Administrator 02/13/2018
Five things that Network Engineers Hate

Like most jobs, that of a network engineer has good bits and bad bits.   They will differ slightly between that of an IT Support Engineer and that of a network engineer, but there are a few in common.

Here are five things that all network engineers hate:

  1. Indecisive customers

    Indecisive customers

    Design engineers particularly hate this one – a customer who knows exactly what they don’t want, but not what they do want and keep changing their mind.   Often, they have a little knowledge gleaned from the media or at the 19th hole, and provide frequent requests to the network engineer, who spends valuable time either talking them out of this latest flight of fancy, or revising their design criteria and redoing the work they have just completed.

  2. Rogue Users

    Rogue Users

    The increasing use of home networks, particularly those with a WiFi component has created a new breed of network engineer.

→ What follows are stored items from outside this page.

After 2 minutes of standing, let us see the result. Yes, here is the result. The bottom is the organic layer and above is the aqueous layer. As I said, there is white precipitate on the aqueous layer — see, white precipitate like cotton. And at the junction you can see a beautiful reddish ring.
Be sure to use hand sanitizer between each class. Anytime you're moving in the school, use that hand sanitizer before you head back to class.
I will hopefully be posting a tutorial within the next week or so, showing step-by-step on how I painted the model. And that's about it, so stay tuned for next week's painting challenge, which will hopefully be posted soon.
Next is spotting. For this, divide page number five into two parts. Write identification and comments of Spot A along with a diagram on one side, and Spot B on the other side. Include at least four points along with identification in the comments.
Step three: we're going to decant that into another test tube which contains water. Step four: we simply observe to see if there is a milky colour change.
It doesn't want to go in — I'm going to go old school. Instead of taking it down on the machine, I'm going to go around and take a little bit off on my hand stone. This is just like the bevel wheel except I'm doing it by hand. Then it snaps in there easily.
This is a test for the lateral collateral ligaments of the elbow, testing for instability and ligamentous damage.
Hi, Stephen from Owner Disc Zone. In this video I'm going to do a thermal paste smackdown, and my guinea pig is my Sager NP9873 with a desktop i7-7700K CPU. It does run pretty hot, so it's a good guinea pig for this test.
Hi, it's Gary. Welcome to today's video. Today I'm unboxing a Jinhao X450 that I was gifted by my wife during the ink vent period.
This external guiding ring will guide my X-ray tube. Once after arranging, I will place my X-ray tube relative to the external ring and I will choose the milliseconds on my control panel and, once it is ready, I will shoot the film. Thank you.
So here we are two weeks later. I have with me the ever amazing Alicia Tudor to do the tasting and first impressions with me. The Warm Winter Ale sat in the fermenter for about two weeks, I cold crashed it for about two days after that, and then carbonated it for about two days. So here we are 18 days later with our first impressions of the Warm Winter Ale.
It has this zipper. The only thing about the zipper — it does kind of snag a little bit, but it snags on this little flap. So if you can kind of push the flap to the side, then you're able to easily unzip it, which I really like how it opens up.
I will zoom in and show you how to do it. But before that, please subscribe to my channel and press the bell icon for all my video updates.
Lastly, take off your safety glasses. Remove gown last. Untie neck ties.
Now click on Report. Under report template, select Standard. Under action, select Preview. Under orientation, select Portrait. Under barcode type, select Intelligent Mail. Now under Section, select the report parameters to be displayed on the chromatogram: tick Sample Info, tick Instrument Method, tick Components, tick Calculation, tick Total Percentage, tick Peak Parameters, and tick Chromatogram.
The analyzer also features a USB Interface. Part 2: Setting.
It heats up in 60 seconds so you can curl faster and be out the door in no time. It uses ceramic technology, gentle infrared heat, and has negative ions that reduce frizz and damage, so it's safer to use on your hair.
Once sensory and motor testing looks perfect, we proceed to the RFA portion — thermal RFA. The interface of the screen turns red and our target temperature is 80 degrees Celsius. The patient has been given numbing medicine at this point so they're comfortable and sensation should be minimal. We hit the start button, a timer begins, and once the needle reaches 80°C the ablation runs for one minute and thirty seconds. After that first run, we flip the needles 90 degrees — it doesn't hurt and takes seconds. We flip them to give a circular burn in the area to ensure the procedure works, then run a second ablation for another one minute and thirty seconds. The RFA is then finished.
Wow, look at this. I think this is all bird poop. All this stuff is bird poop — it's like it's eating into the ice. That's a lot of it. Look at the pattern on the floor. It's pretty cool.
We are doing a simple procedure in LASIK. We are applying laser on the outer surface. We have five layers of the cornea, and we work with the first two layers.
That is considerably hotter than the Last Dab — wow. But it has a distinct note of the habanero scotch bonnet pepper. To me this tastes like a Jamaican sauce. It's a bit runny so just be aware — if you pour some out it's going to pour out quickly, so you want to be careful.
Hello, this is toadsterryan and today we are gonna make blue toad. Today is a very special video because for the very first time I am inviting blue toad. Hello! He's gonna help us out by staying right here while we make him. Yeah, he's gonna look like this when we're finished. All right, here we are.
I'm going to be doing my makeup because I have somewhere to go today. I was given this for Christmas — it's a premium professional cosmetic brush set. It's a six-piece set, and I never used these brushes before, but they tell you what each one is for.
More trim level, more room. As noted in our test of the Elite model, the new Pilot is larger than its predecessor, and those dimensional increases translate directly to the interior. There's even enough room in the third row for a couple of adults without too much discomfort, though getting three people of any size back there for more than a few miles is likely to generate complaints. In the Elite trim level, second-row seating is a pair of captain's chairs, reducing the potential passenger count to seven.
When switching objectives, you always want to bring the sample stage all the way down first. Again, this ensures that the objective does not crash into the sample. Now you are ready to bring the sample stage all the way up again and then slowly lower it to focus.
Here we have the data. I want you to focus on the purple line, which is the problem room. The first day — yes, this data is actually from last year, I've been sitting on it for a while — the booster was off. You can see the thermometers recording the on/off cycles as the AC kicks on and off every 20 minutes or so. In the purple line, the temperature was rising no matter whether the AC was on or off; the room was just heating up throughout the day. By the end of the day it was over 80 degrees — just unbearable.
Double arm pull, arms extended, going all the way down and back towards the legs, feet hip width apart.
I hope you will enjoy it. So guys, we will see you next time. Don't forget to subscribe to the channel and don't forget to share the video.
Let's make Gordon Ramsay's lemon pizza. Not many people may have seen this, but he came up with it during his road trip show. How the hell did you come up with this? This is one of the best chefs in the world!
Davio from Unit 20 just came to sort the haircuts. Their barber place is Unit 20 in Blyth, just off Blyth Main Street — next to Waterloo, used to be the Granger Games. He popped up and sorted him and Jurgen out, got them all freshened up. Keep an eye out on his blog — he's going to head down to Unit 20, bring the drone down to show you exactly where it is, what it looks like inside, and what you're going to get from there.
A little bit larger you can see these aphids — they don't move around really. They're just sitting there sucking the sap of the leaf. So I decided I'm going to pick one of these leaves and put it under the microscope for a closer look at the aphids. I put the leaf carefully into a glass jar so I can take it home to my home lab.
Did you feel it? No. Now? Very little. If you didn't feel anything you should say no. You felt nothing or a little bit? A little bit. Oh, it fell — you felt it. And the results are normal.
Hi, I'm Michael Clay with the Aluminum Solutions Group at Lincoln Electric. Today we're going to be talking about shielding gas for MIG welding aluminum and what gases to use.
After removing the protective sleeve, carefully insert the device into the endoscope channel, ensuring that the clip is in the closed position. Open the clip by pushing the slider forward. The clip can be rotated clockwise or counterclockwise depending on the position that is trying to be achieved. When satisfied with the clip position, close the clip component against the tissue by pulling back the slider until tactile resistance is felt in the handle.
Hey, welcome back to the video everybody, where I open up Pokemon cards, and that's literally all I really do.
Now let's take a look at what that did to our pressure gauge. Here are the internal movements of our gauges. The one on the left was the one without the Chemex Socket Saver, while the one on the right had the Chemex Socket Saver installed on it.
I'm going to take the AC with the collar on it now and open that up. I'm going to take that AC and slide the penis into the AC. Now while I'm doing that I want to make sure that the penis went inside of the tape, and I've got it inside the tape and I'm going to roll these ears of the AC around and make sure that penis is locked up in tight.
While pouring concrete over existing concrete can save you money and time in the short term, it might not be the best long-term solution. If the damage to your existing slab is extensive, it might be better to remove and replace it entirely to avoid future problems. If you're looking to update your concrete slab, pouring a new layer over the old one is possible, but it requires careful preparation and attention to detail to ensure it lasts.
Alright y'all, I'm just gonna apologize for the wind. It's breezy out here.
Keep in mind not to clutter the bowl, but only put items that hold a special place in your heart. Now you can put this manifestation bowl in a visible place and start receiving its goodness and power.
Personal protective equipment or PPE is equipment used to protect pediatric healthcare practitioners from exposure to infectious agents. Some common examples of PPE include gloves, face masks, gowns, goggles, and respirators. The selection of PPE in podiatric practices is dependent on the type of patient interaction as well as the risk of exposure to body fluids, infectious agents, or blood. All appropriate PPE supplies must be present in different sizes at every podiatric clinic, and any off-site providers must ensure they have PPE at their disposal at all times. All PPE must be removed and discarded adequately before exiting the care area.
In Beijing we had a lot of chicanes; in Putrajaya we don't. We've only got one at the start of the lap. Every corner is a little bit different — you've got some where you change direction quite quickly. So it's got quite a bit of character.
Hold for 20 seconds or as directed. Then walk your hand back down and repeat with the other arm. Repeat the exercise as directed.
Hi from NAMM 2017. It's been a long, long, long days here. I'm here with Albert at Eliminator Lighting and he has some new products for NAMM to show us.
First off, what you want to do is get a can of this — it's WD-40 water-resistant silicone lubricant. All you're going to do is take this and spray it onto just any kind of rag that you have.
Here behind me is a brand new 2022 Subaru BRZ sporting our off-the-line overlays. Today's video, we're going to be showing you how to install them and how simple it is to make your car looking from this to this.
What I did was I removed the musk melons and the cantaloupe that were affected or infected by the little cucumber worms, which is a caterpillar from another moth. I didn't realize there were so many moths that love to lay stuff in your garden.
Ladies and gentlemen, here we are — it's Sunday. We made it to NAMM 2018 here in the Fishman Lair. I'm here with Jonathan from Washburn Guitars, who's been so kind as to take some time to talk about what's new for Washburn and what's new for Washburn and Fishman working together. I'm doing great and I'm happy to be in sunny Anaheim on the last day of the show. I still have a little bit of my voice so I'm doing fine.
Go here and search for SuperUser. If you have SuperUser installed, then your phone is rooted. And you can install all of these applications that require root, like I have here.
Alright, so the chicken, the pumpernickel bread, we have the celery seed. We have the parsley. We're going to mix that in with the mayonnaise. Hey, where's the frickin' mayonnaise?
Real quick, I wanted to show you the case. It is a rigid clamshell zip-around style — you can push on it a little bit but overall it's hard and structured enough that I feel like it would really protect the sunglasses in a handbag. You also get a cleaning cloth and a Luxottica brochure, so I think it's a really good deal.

This is the guy or gal, who because they managed to set up their home network and the Internet interface on their fibre or DSL modem, now consider themselves fully-fledged Network Engineers.  If, in addition, they successfully connected desktop PCs to the home network, then they consider themselves IT Support Engineers.  IT Support call them Rogue users, or often something less polite.

    Despite their home network having no security, is being used by the next door neighbours without their knowledge and is riddled with malware downloaded from the Internet, they feel confident in helping colleagues fix their IT problems. 

    With surprising ease, these enthusiastic amateurs create a situation which takes time and effort by a real IT support person to sort out, taking them away from more constructive work.   

  3. Cheap Kit

    Cheap Kit

    Network devices, particularly those from second-tier suppliers from the Far East, can be easily found in the lower-price segment of the equipment market.  Sometimes these are poor copies of those supplied by more recognisable suppliers, sometimes they look like something lashed up in a garden shed. 

    The one thing that they have in common is either no or very scanty documentation and difficult to follow on-board management and configuration software. Any text seems to be either in the original Klingon or has been translated into mediaeval English.

    Network engineers can spend hour upon hour installing, configuring, reinstalling and reconfiguring these devices, usually by trial and error.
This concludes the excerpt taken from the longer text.